Read the listing and extract each line that includes the word "Denim".

━━━━

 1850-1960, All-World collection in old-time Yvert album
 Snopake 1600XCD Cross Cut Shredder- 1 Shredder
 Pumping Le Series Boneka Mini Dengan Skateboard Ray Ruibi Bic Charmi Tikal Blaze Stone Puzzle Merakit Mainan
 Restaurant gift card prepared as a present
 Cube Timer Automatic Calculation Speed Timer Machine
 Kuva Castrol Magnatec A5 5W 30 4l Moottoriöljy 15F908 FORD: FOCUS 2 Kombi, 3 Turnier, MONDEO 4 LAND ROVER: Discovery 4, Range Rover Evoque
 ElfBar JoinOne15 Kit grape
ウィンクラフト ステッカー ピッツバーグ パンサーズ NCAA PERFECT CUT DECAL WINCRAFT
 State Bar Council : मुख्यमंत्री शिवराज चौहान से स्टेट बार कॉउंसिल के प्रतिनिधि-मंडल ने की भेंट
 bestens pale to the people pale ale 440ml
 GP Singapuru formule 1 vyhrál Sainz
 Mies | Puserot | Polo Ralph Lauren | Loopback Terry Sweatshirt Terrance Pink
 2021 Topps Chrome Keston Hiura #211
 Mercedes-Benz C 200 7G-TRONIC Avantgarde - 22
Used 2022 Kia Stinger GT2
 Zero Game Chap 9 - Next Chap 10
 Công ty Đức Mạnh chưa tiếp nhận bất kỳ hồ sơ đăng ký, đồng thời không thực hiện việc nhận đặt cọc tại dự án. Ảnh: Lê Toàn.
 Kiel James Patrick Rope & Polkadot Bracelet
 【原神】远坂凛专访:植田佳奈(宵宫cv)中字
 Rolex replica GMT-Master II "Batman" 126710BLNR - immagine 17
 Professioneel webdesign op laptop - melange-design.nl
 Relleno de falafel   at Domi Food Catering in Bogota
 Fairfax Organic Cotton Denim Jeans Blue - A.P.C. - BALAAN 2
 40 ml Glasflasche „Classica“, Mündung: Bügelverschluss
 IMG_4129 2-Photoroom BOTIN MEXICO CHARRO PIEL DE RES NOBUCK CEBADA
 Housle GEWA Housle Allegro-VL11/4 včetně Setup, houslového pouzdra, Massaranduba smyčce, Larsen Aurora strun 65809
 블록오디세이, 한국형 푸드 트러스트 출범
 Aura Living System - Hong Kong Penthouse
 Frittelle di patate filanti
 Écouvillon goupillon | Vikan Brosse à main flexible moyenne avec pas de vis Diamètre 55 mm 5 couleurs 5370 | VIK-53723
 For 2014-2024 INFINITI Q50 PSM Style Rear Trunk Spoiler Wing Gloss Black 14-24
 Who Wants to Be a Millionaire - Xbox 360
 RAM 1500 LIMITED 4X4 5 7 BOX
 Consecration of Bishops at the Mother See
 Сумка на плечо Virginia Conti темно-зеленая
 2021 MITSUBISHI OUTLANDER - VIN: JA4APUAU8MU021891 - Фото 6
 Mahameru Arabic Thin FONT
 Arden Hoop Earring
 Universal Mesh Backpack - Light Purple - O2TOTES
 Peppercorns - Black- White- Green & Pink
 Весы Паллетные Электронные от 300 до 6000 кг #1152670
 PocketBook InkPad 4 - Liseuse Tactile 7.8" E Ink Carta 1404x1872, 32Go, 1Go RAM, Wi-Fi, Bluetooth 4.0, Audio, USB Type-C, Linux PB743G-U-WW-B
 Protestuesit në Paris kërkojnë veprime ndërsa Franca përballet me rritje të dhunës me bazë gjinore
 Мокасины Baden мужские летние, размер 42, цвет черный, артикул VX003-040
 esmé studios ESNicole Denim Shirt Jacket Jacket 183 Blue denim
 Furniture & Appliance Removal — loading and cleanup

━━━━

-- Output of the exercise --
 Fairfax Organic Cotton Denim Jeans Blue - A.P.C. - BALAAN 2
 esmé studios ESNicole Denim Shirt Jacket Jacket 183 Blue denim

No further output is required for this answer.